Your problem is session persistence - the chat chain gets recreated every request, wiping the conversation history. I hit this same issue building something similar at work. Here’s what fixed it for me: give each user a unique session ID to track their conversation state. Update your ask_question endpoint to take a session_id parameter, then store ConversationalRetrievalChain objects in a dictionary with session IDs as keys. Use active_sessions = {} at module level. First question creates and stores the chain. Later questions from the same session grab the existing chain with all the accumulated memory. You’ll want session cleanup for inactive users or you’ll get memory bloat from old sessions piling up. Also try ConversationSummaryMemory instead of ConversationBufferMemory for longer chats - helps avoid token limits.

Yeah, session management is exactly why I ditched building my own memory persistence. Been there too many times - Redis cleanup, timeouts, memory leaks, the whole mess.

I ended up automating the PDF chat flow with Latenode instead. No more Flask sessions or global dictionaries to babysit. Built a workflow where one node handles PDF upload and vectorization, another keeps conversation context with built-in state management, and a third does the LangChain stuff. Memory just persists between calls without me tracking anything.

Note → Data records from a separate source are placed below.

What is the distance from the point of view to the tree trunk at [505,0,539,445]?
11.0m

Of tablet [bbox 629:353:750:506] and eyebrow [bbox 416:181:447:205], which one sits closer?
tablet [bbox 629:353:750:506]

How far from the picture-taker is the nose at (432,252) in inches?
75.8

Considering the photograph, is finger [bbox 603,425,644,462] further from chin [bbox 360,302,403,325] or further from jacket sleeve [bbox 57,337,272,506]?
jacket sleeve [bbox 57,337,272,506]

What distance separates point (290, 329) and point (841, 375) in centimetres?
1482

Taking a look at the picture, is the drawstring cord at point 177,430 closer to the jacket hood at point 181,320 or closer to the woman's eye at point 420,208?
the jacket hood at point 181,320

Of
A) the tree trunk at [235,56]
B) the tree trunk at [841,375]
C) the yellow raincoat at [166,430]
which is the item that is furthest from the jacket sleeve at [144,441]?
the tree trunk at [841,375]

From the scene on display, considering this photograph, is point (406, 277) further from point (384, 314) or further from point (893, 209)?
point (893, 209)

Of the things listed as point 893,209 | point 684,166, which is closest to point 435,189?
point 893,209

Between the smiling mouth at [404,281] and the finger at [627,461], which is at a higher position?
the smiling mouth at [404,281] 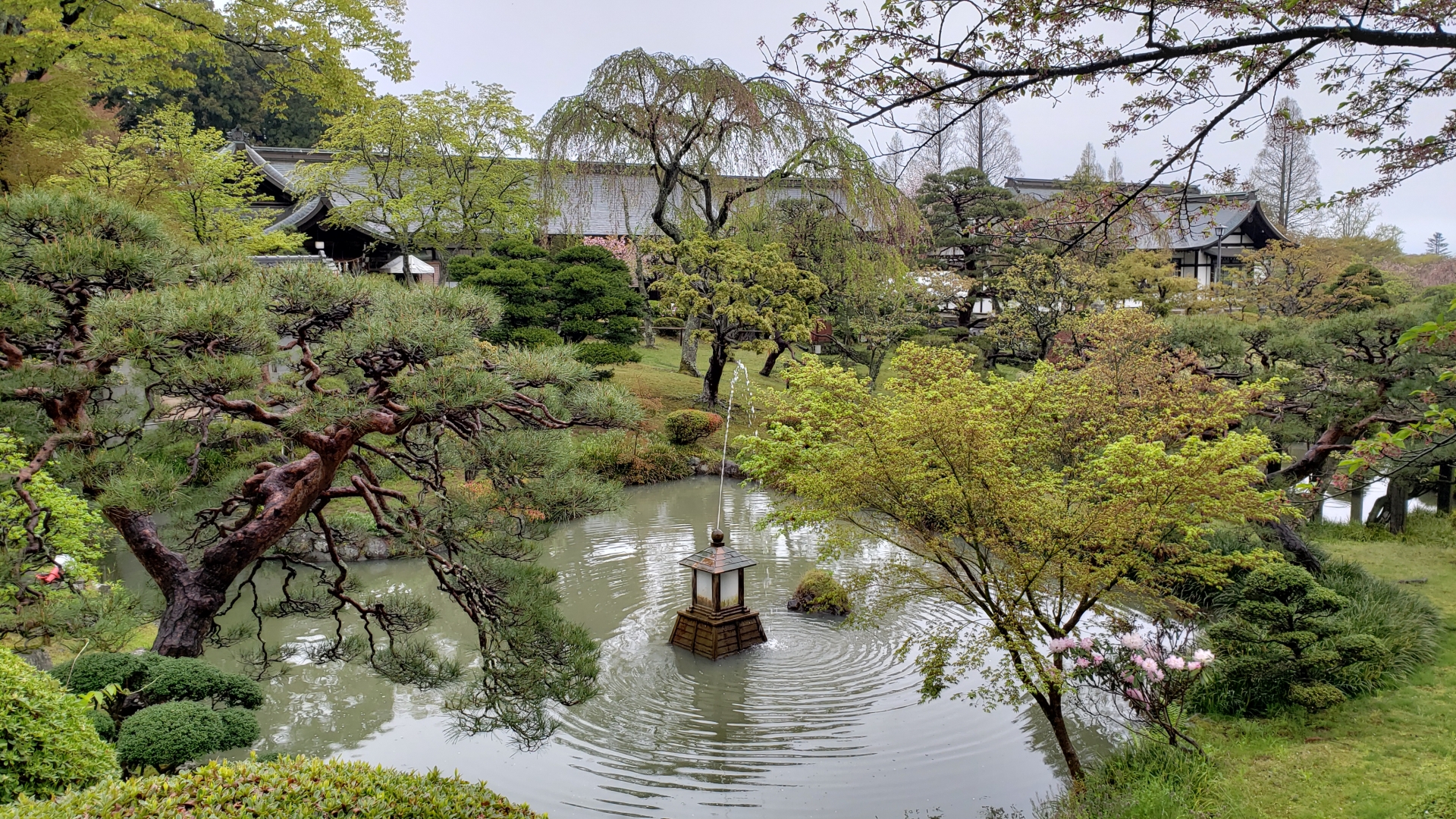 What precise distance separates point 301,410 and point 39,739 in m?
2.07

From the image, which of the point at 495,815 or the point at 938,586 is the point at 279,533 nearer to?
the point at 495,815

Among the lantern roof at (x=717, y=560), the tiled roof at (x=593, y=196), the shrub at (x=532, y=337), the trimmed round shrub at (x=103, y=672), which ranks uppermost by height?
the tiled roof at (x=593, y=196)

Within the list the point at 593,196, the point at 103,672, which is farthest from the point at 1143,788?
the point at 593,196

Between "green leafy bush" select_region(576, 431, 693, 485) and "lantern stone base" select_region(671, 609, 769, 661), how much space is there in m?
6.37

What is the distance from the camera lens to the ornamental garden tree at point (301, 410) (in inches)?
172

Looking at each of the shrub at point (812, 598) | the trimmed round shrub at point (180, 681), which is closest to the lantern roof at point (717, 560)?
the shrub at point (812, 598)

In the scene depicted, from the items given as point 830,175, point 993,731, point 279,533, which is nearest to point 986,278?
point 830,175

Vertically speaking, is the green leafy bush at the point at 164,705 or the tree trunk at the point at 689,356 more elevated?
the tree trunk at the point at 689,356

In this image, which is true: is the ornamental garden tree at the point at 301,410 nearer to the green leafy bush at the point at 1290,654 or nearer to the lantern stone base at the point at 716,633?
the lantern stone base at the point at 716,633

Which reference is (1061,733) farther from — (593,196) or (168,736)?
(593,196)

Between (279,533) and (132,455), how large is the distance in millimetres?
953

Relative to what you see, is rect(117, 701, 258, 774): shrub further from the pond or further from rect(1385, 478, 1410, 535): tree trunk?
rect(1385, 478, 1410, 535): tree trunk

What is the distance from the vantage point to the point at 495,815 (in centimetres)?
298

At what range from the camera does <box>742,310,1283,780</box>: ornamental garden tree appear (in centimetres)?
523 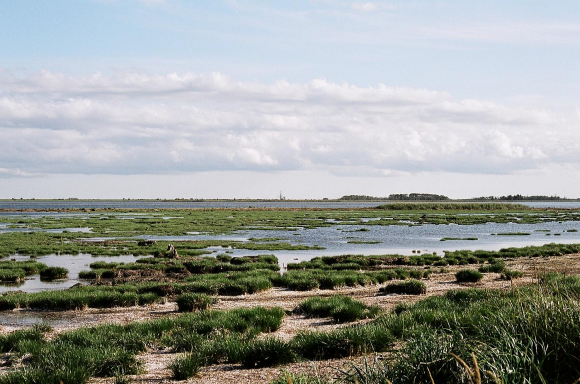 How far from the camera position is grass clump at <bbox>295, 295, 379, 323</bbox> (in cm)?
1570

Best part? Adding features like auto conversation summaries or per-user chat histories is just dragging new nodes around. No code changes.

I’ve watched teams burn weeks on session bugs that Latenode fixes automatically. Plus you get monitoring and scaling without dealing with infrastructure.

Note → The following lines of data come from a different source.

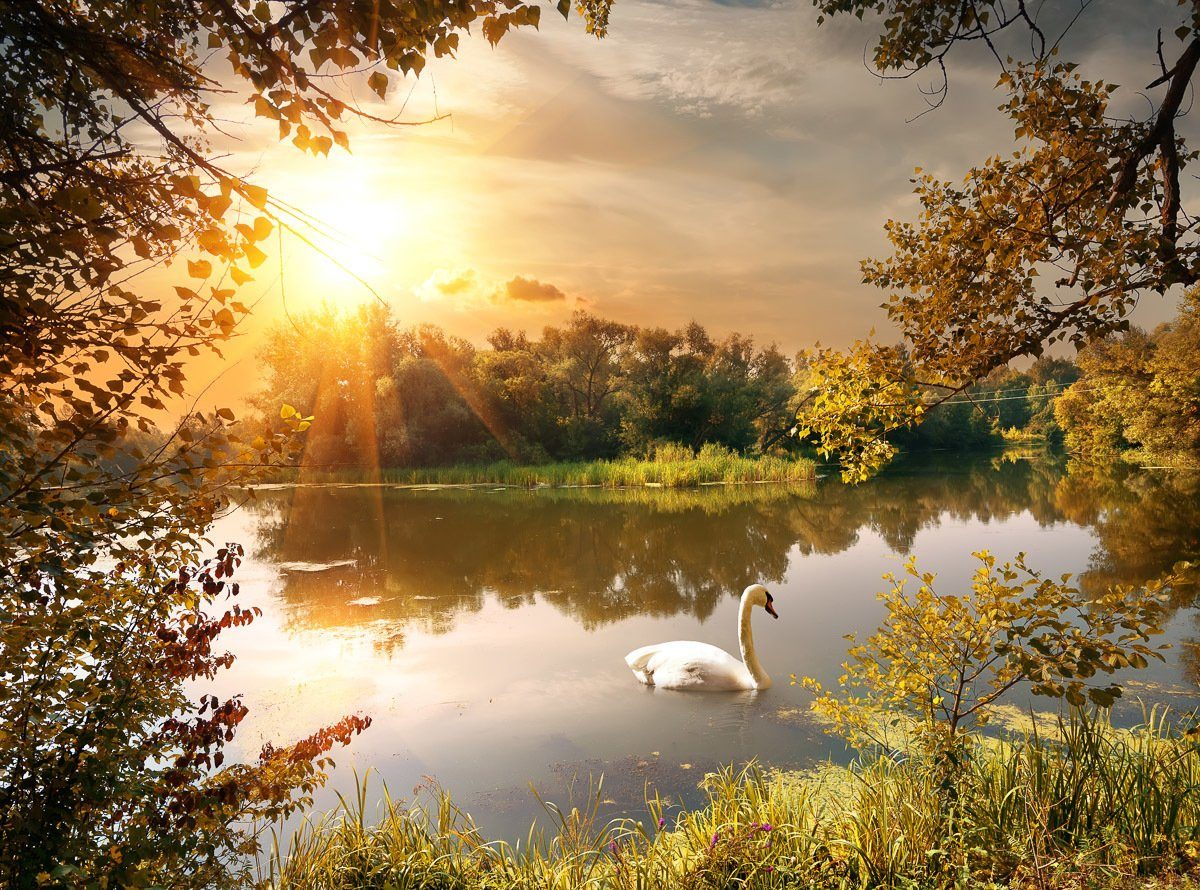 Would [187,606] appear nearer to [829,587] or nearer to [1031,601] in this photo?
[1031,601]

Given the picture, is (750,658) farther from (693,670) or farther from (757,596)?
(757,596)

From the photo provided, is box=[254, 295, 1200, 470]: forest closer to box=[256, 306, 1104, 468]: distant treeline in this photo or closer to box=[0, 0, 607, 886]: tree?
box=[256, 306, 1104, 468]: distant treeline

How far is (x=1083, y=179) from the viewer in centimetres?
330

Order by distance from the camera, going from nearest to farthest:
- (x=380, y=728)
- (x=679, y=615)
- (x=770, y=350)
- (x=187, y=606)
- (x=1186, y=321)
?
1. (x=187, y=606)
2. (x=380, y=728)
3. (x=679, y=615)
4. (x=1186, y=321)
5. (x=770, y=350)

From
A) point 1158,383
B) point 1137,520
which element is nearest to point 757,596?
point 1137,520

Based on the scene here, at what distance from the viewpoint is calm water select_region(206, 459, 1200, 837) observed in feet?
15.6

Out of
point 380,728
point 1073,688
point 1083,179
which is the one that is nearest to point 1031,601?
point 1073,688

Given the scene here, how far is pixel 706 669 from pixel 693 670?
11cm

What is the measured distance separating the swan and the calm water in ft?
0.42

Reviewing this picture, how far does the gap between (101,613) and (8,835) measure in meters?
0.65

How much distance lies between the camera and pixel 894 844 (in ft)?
8.88

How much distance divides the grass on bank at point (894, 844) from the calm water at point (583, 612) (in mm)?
874

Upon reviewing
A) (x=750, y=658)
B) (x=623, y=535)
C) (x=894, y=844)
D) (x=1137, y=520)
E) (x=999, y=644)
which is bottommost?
(x=750, y=658)

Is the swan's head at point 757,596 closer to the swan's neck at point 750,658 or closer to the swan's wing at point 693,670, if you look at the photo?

Check it out: https://latenode.com

Your problem is simple - you’re creating a new ConversationBufferMemory every API call, so the chat history gets wiped each time. Been there, done that on a project last year. You need to keep the memory object alive between requests. Two ways to handle this: 1. Use a global dict like user_conversations = {} and check if the user already has a chain before making a new one 2. Save the memory state to a database or Redis between requests, then reload it for new questions. I’d go with Flask sessions if you’re keeping it simple, or the database route for production. Either way, the memory has to survive beyond that single request. Don’t forget to add conversation timeouts too - you’ll get memory leaks otherwise when old sessions pile up.

you’ve nailed the issue! track sessions properly to keep the chat history alive across requests. just stash the conversation_handler objects in a dict or use redis for more complex setups. add a user_id to check if a handler exists before creating a new one.

Everyone’s right about session management, but watch out for the memory type - it’ll get you later.

Hit this exact problem 6 months ago on a document Q&A system. Started with ConversationBufferMemory like you, but token limits killed me with longer chats. ConversationSummaryBufferMemory fixed it.

Here’s what matters - when storing chat chains in your session dictionary, handle memory serialization properly. Memory objects need to be JSON serializable if you want to scale past one server.

Trick I learned: don’t store the whole ConversationalRetrievalChain object. Store chat history separately and rebuild the chain each time. Sounds backwards but it’s more reliable and uses less memory.

user_chat_histories = {}  # session_id -> chat_history list

def get_or_create_memory(session_id):
    if session_id not in user_chat_histories:
        user_chat_histories[session_id] = []
    
    memory = ConversationSummaryBufferMemory(
        memory_key="chat_history",
        return_messages=True,
        output_key='answer',
        max_token_limit=1000
    )
    
    # Restore previous conversation
    for message in user_chat_histories[session_id]:
        memory.save_context({"input": message["human"]}, {"output": message["ai"]})
    
    return memory

This video breaks down the memory implementation really well:

Set up session cleanup with TTL or you’ll have zombie conversations eating your RAM.